歯医者で、私は活きのいい魚になった日🐟
皆さんは、歯医者さんのあの音……好きだろうか?
私は苦手なのである。
私は、顔の大きさの割に歯の本数が多いという、少し不思議な生態をしている。
歯医者さんに行くたび、なぜか言われる。
『あなたね、顔の大きさと歯の本数が合ってないんだよね』
……。
それは親に言ってくれ。
私が注文して生やしたわけではない。
これはもう、
生えたい歯vs小顔の戦い
なのである。
場所が足りないというのに、私の歯はなぜか元気いっぱい。
「まだ出られます!」
と言わんばかりに、しっかり存在を主張してくる。
その当時、親知らずは奥歯4本とも生えていた。
生え始めのもの。
歯茎の中で待機しているもの。
そして、堂々と姿を現しているもの。
ある日、奥歯が痛み出した。
これは無理だ。
そう思い、歯医者へ向かった。
診察の結果、親知らずが虫歯になっていた。
先生は言った。
『治療しても、親知らずは奥歯だからまた悪くなる可能性がある。
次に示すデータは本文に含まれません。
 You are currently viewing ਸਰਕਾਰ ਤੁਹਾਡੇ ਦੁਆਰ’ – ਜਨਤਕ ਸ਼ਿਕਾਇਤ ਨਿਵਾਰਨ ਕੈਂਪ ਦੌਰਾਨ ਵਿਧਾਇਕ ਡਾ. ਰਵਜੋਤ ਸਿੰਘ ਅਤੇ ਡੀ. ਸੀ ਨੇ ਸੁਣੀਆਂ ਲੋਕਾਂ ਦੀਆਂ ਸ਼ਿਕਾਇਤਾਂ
抜いた方がいい』
こうして私は、親知らずとの戦いの日を迎えた。
麻酔をして、待つこと10分。
先生がやってきた。
しかし。
私の親知らずは、どうやら簡単には旅立ってくれないタイプだった。
先生が力を入れる。
……抜けない。
さらに力が入る。
……まだ抜けない。
その時、私の身体にも異変が起きた。
痛みはない。
麻酔が効いているから。
なのに。
身体が勝手に反応する。
頭の中では、
「じっとしろ!」
と必死に命令している。
でも身体は言うことを聞かない。
背中が反る。
身体が浮く。
足に力が入る。
私は思った。
(好きで海老反りしてるんじゃないんだよ!)
(勝手に浮く身体を、どうしろっていうんだ!)
先生から一言。
『浮かせないで!身体を!じっとして!』
……先生。
私もそうしたい。
本当にそうしたい。
しかし、身体が勝手に動くのである。
その時、私は初めて思った。
顔と身体、別々に動いてない?🤣
ついには、
歯医者さん1人。
歯科助手さん2人。
対する私、1人。
という謎の戦いになった。
足首まで押さえられる私。
大人になってから、まさか歯医者さんでこんな状況になるとは思わなかった。
そして、ついに。
親知らずは抜けた。
……と思ったら。
今度は先生が疲れきっていた。
ゼーゼー言いながら、水を飲んでいる。
先生が言った。
『いやぁ……強い歯だね』
いや、先生。
抜かれた私より、先生の方が疲れてませんか?🤣
さらに先生は言った。
『何で小顔なのに、そんな歯を生やす訳!?』
……。
先生。
私にも分かりません。
生やしたのは私ではありません。
歯の意思です。
帰りの車の中。
私はふと思った。
魚って、捌かれても活きがいいものがいる。
もしかして……。
今日の私は、
活きのいい魚だったのではないか。
そう思った。
ちなみに、その後も引っ越し先で何軒か歯医者さんに行った。
そして、毎回言われる。
『歯、しっかりしてますね』
……。
もう分かった。
私の中で一番頑固なのは、どうやら私ではない。